Cerca de 320 mil espectadores puderam aproveitar o show ao vivo nas margens do Sena -- sem contar aqueles que viam das janelas de suas casas que davam para o rio -- além das centenas de milhões de pessoas assistindo ao redor do mundo.

A maior vibração, é claro, estava reservada ao barco da França.

"Espero que esse momento dê um grande impulso à seleção francesa desde o começo, que conquistemos muitas medalhas e, acima de tudo, que a maioria dos atletas fique marcada com memórias para o resto da vida," disse a porta-bandeira francesa, Melina Robert-Michon, presente em sete edições dos Jogos Olímpicos. "Além disso, que todas as pessoas que estiveram aqui -- os voluntários, os torcedores, as crianças que assistirão a isso, o país inteiro -- fique com os olhos brilhando e diga: 'Sim, eu fui sortudo de fazer parte disso'."

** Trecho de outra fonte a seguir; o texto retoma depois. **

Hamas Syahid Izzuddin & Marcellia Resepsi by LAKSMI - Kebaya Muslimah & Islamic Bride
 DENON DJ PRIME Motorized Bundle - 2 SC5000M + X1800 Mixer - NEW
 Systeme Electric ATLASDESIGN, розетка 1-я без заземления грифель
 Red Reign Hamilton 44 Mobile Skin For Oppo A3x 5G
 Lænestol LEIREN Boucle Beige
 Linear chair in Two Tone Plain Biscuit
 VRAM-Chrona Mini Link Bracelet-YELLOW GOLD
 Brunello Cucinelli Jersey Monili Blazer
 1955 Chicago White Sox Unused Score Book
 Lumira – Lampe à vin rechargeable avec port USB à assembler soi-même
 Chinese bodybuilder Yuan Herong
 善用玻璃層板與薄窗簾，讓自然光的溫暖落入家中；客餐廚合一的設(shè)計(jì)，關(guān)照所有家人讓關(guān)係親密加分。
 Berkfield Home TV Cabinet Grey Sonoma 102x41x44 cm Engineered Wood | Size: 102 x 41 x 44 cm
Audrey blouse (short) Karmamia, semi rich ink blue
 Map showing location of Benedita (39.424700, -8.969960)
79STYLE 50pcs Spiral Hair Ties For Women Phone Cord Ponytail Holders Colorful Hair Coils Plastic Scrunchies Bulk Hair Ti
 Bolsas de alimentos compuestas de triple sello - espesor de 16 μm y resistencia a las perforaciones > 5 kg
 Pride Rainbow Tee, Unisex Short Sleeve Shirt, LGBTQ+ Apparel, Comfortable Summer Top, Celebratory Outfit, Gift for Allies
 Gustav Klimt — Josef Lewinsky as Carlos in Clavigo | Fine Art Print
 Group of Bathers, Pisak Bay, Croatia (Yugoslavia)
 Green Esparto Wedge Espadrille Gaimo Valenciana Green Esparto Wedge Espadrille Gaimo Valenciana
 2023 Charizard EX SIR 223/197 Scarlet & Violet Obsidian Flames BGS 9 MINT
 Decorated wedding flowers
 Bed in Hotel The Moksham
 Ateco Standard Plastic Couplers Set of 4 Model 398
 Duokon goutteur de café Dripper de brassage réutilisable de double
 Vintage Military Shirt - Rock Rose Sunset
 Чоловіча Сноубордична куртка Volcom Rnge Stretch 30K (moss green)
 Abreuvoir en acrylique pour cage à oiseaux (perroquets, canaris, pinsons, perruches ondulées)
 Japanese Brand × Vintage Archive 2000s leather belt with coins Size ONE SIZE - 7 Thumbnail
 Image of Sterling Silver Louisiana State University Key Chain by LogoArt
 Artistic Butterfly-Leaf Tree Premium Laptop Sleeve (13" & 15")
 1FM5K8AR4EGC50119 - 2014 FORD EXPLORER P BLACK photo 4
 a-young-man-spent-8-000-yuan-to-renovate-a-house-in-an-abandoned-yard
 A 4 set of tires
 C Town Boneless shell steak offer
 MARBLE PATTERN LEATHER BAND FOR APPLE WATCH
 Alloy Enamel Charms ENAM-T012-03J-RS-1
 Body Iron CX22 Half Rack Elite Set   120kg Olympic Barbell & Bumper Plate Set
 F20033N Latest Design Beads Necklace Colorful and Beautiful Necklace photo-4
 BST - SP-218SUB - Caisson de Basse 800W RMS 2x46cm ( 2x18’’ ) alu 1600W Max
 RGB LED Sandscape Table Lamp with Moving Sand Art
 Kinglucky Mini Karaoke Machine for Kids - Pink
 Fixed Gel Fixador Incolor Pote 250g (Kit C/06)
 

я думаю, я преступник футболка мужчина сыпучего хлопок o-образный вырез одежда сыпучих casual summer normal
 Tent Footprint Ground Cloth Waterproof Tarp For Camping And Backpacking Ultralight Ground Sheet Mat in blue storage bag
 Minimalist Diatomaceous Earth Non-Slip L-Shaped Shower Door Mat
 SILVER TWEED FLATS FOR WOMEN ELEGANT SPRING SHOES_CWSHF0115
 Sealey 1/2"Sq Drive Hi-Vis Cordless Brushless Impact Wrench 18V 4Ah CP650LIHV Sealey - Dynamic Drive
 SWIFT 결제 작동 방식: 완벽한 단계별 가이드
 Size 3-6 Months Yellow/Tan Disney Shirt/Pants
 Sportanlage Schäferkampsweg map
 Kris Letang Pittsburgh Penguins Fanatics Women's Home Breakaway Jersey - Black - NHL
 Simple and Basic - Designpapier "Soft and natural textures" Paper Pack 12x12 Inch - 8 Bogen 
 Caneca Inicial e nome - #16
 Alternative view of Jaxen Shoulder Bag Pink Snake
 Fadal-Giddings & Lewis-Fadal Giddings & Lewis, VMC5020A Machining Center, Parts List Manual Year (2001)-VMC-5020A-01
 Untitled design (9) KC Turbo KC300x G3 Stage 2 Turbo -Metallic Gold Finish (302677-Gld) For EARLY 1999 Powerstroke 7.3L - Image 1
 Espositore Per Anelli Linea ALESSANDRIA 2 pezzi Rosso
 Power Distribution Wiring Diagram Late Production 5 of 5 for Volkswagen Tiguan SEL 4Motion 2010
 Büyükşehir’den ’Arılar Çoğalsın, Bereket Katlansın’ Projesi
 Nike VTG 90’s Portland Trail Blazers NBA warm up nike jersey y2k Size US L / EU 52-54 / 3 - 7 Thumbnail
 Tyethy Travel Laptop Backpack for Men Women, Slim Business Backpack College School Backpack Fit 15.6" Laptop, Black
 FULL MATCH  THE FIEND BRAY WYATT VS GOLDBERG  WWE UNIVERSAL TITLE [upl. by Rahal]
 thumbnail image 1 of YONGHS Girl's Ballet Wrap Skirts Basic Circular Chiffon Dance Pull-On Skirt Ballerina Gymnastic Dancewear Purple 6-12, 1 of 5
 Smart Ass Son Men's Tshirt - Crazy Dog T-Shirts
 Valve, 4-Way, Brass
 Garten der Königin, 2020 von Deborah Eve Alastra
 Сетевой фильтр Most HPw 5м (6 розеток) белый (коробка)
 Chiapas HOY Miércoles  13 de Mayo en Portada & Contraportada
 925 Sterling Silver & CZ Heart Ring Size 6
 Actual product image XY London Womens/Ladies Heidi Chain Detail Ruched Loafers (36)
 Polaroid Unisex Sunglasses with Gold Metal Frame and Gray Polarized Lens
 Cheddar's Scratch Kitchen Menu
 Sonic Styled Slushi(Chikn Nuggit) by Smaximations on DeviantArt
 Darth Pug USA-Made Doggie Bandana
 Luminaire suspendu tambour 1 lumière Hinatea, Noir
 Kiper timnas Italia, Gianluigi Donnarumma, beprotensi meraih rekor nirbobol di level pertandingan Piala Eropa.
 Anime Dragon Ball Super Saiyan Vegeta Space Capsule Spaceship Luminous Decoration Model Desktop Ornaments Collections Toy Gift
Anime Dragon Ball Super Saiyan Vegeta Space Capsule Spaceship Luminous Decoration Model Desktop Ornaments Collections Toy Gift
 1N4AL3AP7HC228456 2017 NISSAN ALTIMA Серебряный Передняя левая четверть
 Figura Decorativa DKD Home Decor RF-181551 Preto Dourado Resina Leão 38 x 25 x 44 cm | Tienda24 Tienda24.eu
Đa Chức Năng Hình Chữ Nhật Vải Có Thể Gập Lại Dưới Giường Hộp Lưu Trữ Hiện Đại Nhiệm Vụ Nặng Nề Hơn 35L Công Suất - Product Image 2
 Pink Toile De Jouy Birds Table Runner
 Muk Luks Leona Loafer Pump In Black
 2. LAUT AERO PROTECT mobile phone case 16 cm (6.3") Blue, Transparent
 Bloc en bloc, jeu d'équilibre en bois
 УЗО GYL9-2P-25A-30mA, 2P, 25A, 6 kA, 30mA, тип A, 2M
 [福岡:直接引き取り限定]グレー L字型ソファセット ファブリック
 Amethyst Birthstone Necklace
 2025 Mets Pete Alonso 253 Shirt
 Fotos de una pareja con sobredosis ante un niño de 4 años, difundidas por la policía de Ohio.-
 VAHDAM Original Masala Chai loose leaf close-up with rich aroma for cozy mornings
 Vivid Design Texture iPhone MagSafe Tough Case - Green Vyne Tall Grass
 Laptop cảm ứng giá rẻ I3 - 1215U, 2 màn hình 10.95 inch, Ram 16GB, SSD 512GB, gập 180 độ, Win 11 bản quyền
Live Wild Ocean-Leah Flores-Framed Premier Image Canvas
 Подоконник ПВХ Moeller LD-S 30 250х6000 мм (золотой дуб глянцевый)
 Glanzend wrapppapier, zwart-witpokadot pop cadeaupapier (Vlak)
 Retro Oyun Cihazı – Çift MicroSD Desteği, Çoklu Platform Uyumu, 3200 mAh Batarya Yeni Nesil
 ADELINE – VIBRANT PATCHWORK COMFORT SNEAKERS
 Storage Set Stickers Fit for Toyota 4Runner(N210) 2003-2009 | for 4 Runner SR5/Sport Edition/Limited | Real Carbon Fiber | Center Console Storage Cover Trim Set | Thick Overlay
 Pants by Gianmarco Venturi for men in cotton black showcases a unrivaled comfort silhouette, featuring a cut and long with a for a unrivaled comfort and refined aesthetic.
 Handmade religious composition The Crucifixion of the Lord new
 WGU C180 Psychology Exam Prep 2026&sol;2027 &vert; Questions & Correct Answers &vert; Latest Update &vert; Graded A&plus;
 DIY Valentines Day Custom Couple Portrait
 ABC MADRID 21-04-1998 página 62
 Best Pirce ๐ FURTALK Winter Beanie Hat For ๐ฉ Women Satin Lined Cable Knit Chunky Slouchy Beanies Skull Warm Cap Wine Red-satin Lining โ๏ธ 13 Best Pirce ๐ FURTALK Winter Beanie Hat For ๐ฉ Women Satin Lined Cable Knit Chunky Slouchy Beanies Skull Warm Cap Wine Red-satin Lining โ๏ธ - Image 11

Uma amazona, levando a bandeira do Comitê Olímpico Internacional (COI), navega em um cavalo de metal sobre as águas do Sena

Foto por 2024 Getty Images

O significado histórico do momento foi ainda mais amplificado quando imagens históricas que recontavam os últimos 100 anos do esporte foram exibidas nos telões, apresentando o progresso que a humanidade fez no século desde a última vez que Paris recebeu os Jogos Olímpicos, em 1924.

Enquanto as imagens eram exibidas nos telões ao redor da cidade, uma amazona em vestes prateadas carregava a bandeira do Comitê Olímpico Internacional, como se flutuasse ao longo do rio Sena montada em um cavalo de metal.

A jornada dela acabou em Trocadero, onde, agora montando um cavalo vivo, a suboficial da National Gendarmerie Floriane Issert apresentou a Bandeira Olímpica para começar a seção protocolar da Cerimônia de Abertura. Um grupo de voluntários carregou as bandeiras nacionais atrás dela.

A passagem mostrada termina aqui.